Following recent high-profile ransomware attacks that affected a major gas pipeline and a leading global food company, another attack has happened and has wreaked havoc over the weekend.

Kaseya VSA, software commonly used by MSPs to manage their clients’ entire IT environments, was used as part of a supply chain attack over the holiday weekend delivering REvil ransomware to thousands of organizations across the globe. Kaseya VSA is the industry’s only unified RMM solution that allows MSPs to maintain, automate, collect information, and patch IT equipment via a remote centralized interface.

According to multiple reports, the attackers used access to the VSA software to deploy ransomware associated with the REvil (also known as Sodinokibi) ransomware-as-a-service group.

According to Kaseya, the attack was carried out by exploiting a vulnerability in its software. Over the weekend, Kaseya released a statement that recommended that any business or organization using Kaseya VSA should shut down the system quickly. The Cybersecurity and Infrastructure Security Agency (CISA) released a statement asking businesses and organizations to follow the guidance that was released in Kaseya’s statement.

Due to the holiday weekend, the majority of Kaseya’s IT staff were away from the office, providing the cybercriminal group with the perfect opportunity to strike. The full scope of the attack is not known at the time, but over 30 of Kaseya’s customers have been impacted. If all or the majority of those customers are MSPs, this means thousands of businesses and organizations have been attacked with ransomware. Thousands more of Kaseya’s customers have been indirectly affected by the attack.

What is Happening?

Multiple MSPs across the globe where Kaseya VSA was used to encrypt thousands of businesses are being tracked and assessed for damages. Whenever any event like this happens, it impacts numerous businesses and organizations, even those who were not impacted.
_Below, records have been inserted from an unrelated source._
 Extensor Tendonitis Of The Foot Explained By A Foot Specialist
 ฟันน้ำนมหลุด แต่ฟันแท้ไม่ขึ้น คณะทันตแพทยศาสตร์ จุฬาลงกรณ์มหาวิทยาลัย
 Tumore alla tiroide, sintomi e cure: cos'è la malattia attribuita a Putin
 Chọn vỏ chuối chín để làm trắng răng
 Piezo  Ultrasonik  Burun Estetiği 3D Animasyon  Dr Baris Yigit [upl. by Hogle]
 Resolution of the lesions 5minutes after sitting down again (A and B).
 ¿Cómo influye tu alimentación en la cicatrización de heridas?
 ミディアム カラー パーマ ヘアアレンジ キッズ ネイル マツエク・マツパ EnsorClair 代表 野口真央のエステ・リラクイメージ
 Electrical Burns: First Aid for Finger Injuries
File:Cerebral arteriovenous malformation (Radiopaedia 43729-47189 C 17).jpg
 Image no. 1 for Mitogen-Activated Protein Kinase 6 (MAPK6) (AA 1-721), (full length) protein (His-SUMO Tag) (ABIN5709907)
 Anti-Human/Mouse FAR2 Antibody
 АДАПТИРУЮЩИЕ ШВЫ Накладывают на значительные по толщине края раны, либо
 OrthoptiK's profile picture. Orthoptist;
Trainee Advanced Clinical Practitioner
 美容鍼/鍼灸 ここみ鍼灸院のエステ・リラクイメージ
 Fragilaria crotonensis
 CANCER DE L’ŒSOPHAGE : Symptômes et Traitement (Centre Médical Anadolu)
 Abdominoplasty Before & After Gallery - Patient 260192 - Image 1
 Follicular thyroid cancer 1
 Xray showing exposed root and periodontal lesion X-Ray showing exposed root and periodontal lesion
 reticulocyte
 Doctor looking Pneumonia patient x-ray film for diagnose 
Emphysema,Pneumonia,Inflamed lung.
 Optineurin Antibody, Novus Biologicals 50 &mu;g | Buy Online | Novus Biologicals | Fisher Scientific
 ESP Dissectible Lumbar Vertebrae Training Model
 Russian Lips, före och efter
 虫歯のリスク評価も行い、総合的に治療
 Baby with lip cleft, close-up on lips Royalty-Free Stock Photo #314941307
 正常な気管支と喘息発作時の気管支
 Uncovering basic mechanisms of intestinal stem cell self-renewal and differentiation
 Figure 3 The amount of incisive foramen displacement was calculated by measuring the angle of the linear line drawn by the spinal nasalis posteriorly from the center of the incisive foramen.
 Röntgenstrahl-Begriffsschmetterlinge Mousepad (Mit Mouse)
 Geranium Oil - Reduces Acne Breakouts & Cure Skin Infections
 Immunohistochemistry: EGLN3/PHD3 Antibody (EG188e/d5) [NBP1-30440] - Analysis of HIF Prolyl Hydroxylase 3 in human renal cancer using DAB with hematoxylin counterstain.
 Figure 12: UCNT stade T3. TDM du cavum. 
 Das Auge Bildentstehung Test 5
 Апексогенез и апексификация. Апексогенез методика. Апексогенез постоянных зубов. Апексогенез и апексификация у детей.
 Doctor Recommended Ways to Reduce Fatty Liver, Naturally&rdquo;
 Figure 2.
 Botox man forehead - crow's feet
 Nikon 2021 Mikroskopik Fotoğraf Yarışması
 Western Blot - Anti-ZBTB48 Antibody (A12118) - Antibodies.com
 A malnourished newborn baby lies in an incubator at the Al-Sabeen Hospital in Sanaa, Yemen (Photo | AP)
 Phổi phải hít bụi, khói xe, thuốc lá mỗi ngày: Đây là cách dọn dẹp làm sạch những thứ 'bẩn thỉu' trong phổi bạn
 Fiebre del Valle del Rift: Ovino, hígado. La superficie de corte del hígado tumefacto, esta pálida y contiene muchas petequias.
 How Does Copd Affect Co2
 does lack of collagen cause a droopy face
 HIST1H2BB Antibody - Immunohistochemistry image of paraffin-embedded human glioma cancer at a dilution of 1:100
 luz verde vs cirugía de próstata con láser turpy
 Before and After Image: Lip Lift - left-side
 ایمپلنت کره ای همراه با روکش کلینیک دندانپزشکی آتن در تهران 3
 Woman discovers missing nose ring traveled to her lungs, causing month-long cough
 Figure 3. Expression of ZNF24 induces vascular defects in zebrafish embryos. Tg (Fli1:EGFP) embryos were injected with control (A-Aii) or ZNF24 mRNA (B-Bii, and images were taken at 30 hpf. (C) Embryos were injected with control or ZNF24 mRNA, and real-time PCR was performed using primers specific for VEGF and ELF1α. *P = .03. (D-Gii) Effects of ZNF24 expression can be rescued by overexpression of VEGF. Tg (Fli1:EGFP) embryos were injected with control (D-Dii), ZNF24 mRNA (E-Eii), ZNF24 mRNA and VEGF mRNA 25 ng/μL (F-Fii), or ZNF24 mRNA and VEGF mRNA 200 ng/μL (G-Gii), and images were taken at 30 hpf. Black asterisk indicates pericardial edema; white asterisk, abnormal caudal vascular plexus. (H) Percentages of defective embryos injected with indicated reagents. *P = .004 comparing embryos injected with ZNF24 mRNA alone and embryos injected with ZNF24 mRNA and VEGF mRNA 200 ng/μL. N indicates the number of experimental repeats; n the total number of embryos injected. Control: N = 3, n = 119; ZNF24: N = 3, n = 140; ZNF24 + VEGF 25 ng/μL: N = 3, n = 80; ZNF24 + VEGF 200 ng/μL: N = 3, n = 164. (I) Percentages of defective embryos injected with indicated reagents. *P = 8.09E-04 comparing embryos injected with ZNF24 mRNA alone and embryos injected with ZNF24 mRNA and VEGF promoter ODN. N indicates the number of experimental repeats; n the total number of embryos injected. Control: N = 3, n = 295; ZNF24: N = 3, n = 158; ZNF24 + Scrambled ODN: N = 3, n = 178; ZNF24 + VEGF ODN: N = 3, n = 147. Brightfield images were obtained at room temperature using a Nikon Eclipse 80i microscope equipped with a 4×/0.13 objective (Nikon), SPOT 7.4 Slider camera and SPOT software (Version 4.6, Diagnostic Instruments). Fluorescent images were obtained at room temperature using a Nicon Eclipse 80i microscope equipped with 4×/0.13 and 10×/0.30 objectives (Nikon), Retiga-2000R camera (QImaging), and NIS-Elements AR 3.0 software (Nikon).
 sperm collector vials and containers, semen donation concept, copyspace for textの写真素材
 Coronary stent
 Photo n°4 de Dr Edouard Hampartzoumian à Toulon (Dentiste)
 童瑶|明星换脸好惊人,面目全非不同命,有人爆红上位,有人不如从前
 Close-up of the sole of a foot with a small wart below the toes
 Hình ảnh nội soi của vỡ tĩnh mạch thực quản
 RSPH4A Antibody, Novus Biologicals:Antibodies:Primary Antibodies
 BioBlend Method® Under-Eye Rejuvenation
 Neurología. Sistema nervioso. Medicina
Unfortunately, these types of events can destroy the reputation and trust of any MSP. Even if a business or organization has not been directly impacted, MSP relationships are built on trust, and many customers will begin to question if remote support tools are safe.

Kaseya’s Response to the Attack

Over the weekend, Kaseya has released several updates and statements on their website and their social media accounts, advising all their customers to take servers offline and has not provided a date they could go back online. Kaseya executives immediately reached out to its impacted customers to understand the impact the attack has caused and what type of assistance they need.

On July 3, Kaseya released a compromise detection tool to the customers who requested it. As of July 4, there had not been any additional reports of compromise since Saturday. As more businesses return to work operations this week, Kaseya is prepared for the numbers to rise.

On July 4, 2021, Kaseya made an announcement that it will attempt to reactivating its servers overnight in Europe, Asia, and the UK. Kaseya hopes to do the same in North America on Monday, July 5, 2021.

Kaseya’s July 4 statement said: ”Our security, support R&D, communications, and customer teams continue to work around the clock in all geographies through the weekend to resolve the issue and restore our customers to service.”

Kaseya also released the following SaaS Restoration Timeline Updates:

Our executive committee will meet on July 5th at 5:00 AM UTC (12:00 AM EDT) to make a readiness decision on restarting SaaS within the following time windows:

  • EU, UK, & APAC Data Centers: July 5 – 9:00 AM UTC — 1:00 PM UTC (4:00 AM EDT — 8:00 AM EDT)
  • North American Data Centers: July 5 – 5:00 PM EDT — 10:00 PM EDT

How do I know if I am affected?

At this time, Kaseya and other sources are still assessing who may be affected. However, there are steps businesses can take to evaluate the risk to their business and its systems. If you begin to notice any unusual behavior across your servers or workstations, you may have already been affected by the attack. If you have noticed any differences in your desktop images or if any of your file names have been changed, you need to take immediate action. Businesses are encouraged to reach out to their MSP if they are unsure if they use Kaseya.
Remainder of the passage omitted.